▶ [Task details]:
Set the entries down once more, exactly as they are worded.

▶ [Data]:
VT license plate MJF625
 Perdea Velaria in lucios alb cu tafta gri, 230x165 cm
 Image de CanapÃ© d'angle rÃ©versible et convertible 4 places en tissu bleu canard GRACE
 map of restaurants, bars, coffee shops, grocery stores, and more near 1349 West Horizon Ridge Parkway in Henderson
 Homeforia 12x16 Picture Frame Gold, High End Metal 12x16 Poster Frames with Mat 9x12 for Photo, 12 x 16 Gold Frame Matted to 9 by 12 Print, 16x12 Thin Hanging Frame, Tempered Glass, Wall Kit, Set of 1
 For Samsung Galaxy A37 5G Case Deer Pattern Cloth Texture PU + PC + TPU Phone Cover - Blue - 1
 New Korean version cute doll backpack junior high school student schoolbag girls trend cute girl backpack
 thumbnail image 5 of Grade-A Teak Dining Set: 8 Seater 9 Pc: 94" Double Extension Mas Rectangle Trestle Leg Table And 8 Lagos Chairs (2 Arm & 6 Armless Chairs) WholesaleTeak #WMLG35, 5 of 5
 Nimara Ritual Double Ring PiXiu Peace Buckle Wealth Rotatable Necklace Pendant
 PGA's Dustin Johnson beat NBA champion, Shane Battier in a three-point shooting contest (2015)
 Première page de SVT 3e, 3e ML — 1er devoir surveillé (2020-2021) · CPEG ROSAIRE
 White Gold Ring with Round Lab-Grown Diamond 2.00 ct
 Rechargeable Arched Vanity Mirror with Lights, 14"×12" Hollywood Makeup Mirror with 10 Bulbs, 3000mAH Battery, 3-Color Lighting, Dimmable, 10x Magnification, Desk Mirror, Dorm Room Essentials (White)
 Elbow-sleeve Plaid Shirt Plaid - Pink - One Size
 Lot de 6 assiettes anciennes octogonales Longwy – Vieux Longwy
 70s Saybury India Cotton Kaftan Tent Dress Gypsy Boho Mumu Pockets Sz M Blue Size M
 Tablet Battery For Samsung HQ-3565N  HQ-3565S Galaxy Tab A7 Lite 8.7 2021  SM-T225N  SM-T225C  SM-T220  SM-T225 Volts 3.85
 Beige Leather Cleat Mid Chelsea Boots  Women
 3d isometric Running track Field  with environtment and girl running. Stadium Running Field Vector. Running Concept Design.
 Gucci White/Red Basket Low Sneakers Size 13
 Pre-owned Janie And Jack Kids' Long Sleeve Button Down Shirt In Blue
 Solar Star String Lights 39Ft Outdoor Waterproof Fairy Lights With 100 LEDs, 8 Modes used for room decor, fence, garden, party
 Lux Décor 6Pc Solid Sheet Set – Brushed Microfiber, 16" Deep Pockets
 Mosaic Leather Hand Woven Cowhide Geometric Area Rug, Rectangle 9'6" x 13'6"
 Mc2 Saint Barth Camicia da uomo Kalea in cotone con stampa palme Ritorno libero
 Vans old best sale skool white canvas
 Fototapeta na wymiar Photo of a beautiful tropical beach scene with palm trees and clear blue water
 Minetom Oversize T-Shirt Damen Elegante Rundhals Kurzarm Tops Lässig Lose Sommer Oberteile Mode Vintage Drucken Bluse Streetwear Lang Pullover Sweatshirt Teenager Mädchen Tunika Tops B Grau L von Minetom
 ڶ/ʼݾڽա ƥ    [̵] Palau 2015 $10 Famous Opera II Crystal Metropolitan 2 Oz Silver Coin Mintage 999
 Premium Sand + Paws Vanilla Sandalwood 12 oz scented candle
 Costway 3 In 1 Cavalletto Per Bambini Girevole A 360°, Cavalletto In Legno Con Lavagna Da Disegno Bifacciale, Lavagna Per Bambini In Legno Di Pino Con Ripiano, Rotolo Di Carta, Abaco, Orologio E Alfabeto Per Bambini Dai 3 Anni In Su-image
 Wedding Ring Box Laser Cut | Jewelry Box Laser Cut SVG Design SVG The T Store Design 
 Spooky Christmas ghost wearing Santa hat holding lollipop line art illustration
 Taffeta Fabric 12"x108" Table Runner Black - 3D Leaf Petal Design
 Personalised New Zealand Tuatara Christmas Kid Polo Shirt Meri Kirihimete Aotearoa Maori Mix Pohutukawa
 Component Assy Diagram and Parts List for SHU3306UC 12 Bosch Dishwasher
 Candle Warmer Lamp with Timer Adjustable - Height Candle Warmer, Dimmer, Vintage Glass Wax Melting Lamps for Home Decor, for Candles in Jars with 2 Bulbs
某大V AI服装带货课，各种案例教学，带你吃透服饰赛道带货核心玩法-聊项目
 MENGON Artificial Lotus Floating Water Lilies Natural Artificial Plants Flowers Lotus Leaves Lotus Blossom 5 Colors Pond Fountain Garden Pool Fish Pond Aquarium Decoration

▶ [Expected answer]:
VT license plate MJF625
 Perdea Velaria in lucios alb cu tafta gri, 230x165 cm
 Image de CanapÃ© d'angle rÃ©versible et convertible 4 places en tissu bleu canard GRACE
 map of restaurants, bars, coffee shops, grocery stores, and more near 1349 West Horizon Ridge Parkway in Henderson
 Homeforia 12x16 Picture Frame Gold, High End Metal 12x16 Poster Frames with Mat 9x12 for Photo, 12 x 16 Gold Frame Matted to 9 by 12 Print, 16x12 Thin Hanging Frame, Tempered Glass, Wall Kit, Set of 1
 For Samsung Galaxy A37 5G Case Deer Pattern Cloth Texture PU + PC + TPU Phone Cover - Blue - 1
 New Korean version cute doll backpack junior high school student schoolbag girls trend cute girl backpack
 thumbnail image 5 of Grade-A Teak Dining Set: 8 Seater 9 Pc: 94" Double Extension Mas Rectangle Trestle Leg Table And 8 Lagos Chairs (2 Arm & 6 Armless Chairs) WholesaleTeak #WMLG35, 5 of 5
 Nimara Ritual Double Ring PiXiu Peace Buckle Wealth Rotatable Necklace Pendant
 PGA's Dustin Johnson beat NBA champion, Shane Battier in a three-point shooting contest (2015)
 Première page de SVT 3e, 3e ML — 1er devoir surveillé (2020-2021) · CPEG ROSAIRE
 White Gold Ring with Round Lab-Grown Diamond 2.00 ct
 Rechargeable Arched Vanity Mirror with Lights, 14"×12" Hollywood Makeup Mirror with 10 Bulbs, 3000mAH Battery, 3-Color Lighting, Dimmable, 10x Magnification, Desk Mirror, Dorm Room Essentials (White)
 Elbow-sleeve Plaid Shirt Plaid - Pink - One Size
 Lot de 6 assiettes anciennes octogonales Longwy – Vieux Longwy
 70s Saybury India Cotton Kaftan Tent Dress Gypsy Boho Mumu Pockets Sz M Blue Size M
 Tablet Battery For Samsung HQ-3565N  HQ-3565S Galaxy Tab A7 Lite 8.7 2021  SM-T225N  SM-T225C  SM-T220  SM-T225 Volts 3.85
 Beige Leather Cleat Mid Chelsea Boots  Women
 3d isometric Running track Field  with environtment and girl running. Stadium Running Field Vector. Running Concept Design.
 Gucci White/Red Basket Low Sneakers Size 13
 Pre-owned Janie And Jack Kids' Long Sleeve Button Down Shirt In Blue
 Solar Star String Lights 39Ft Outdoor Waterproof Fairy Lights With 100 LEDs, 8 Modes used for room decor, fence, garden, party
 Lux Décor 6Pc Solid Sheet Set – Brushed Microfiber, 16" Deep Pockets
 Mosaic Leather Hand Woven Cowhide Geometric Area Rug, Rectangle 9'6" x 13'6"
 Mc2 Saint Barth Camicia da uomo Kalea in cotone con stampa palme Ritorno libero
 Vans old best sale skool white canvas
 Fototapeta na wymiar Photo of a beautiful tropical beach scene with palm trees and clear blue water
 Minetom Oversize T-Shirt Damen Elegante Rundhals Kurzarm Tops Lässig Lose Sommer Oberteile Mode Vintage Drucken Bluse Streetwear Lang Pullover Sweatshirt Teenager Mädchen Tunika Tops B Grau L von Minetom
 ڶ/ʼݾڽա ƥ    [̵] Palau 2015 $10 Famous Opera II Crystal Metropolitan 2 Oz Silver Coin Mintage 999
 Premium Sand + Paws Vanilla Sandalwood 12 oz scented candle
 Costway 3 In 1 Cavalletto Per Bambini Girevole A 360°, Cavalletto In Legno Con Lavagna Da Disegno Bifacciale, Lavagna Per Bambini In Legno Di Pino Con Ripiano, Rotolo Di Carta, Abaco, Orologio E Alfabeto Per Bambini Dai 3 Anni In Su-image
 Wedding Ring Box Laser Cut | Jewelry Box Laser Cut SVG Design SVG The T Store Design 
 Spooky Christmas ghost wearing Santa hat holding lollipop line art illustration
 Taffeta Fabric 12"x108" Table Runner Black - 3D Leaf Petal Design
 Personalised New Zealand Tuatara Christmas Kid Polo Shirt Meri Kirihimete Aotearoa Maori Mix Pohutukawa
 Component Assy Diagram and Parts List for SHU3306UC 12 Bosch Dishwasher
 Candle Warmer Lamp with Timer Adjustable - Height Candle Warmer, Dimmer, Vintage Glass Wax Melting Lamps for Home Decor, for Candles in Jars with 2 Bulbs
某大V AI服装带货课，各种案例教学，带你吃透服饰赛道带货核心玩法-聊项目
 MENGON Artificial Lotus Floating Water Lilies Natural Artificial Plants Flowers Lotus Leaves Lotus Blossom 5 Colors Pond Fountain Garden Pool Fish Pond Aquarium Decoration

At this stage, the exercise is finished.